→ **Data excerpts**:

++++++++++

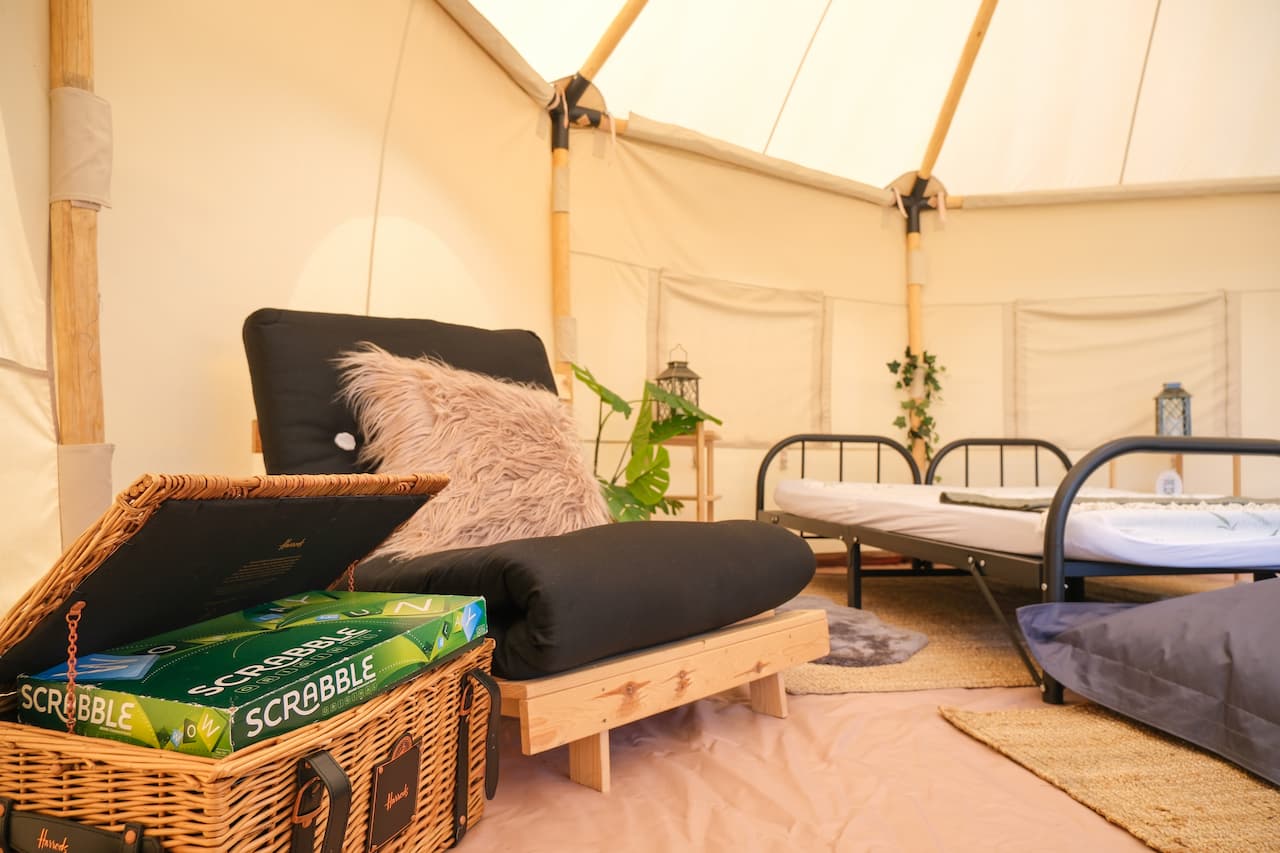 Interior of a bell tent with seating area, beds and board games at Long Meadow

++++++++++

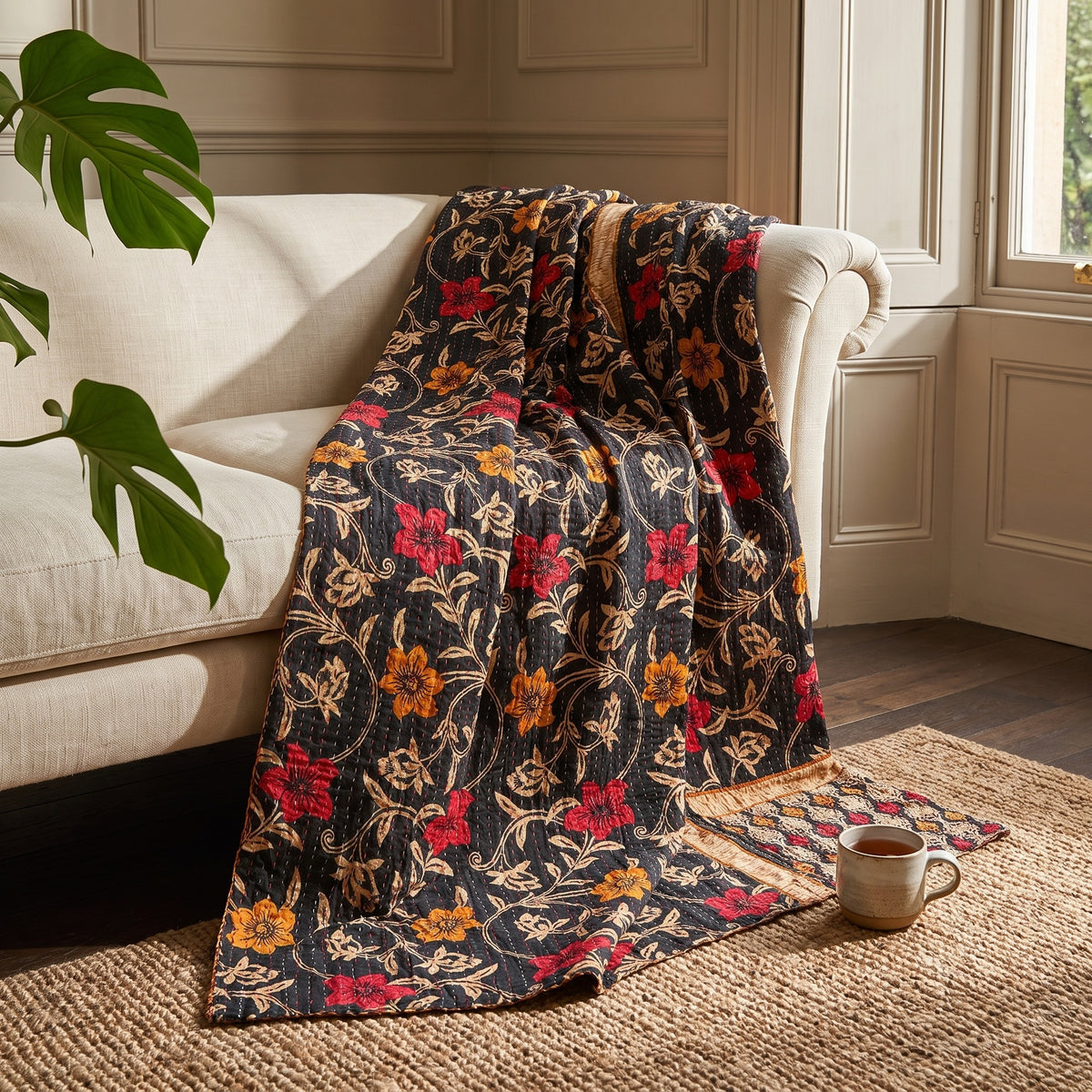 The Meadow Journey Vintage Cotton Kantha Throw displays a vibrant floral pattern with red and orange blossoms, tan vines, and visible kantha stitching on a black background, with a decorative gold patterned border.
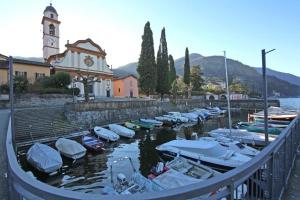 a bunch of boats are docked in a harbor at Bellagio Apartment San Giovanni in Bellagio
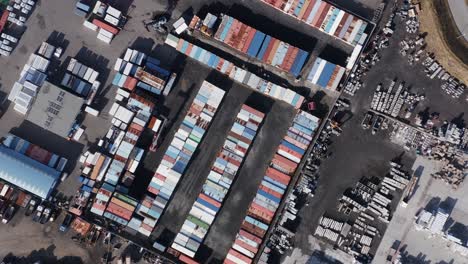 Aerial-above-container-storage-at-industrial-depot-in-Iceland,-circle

++++++++++

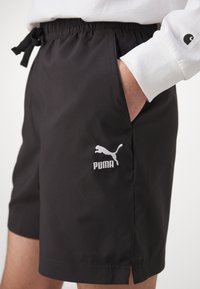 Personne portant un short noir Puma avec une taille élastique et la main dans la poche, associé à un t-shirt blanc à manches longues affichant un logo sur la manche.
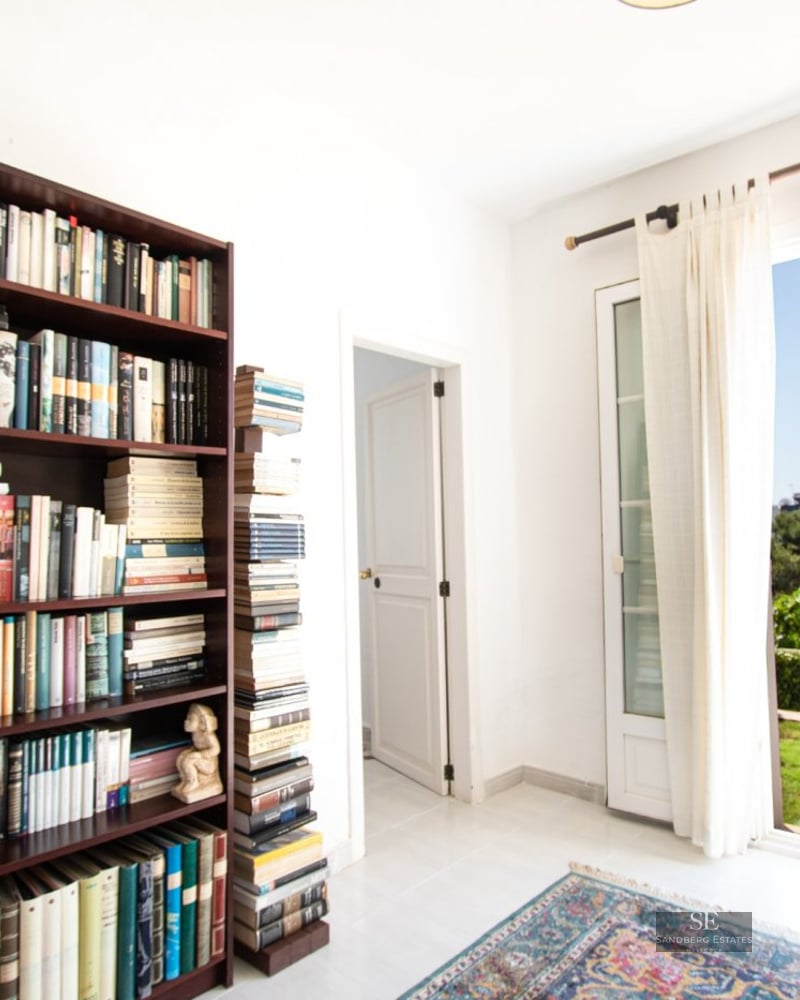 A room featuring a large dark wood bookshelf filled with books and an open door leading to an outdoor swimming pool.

++++++++++

→ **Task brief**:
Using the data above, copy exactly the lines from the one containing "Personne portant un" to the one containing "A room featuring", inclusive. Exclude the pictures.

→ **Answer space**:
 Personne portant un short noir Puma avec une taille élastique et la main dans la poche, associé à un t-shirt blanc à manches longues affichant un logo sur la manche.
 A room featuring a large dark wood bookshelf filled with books and an open door leading to an outdoor swimming pool.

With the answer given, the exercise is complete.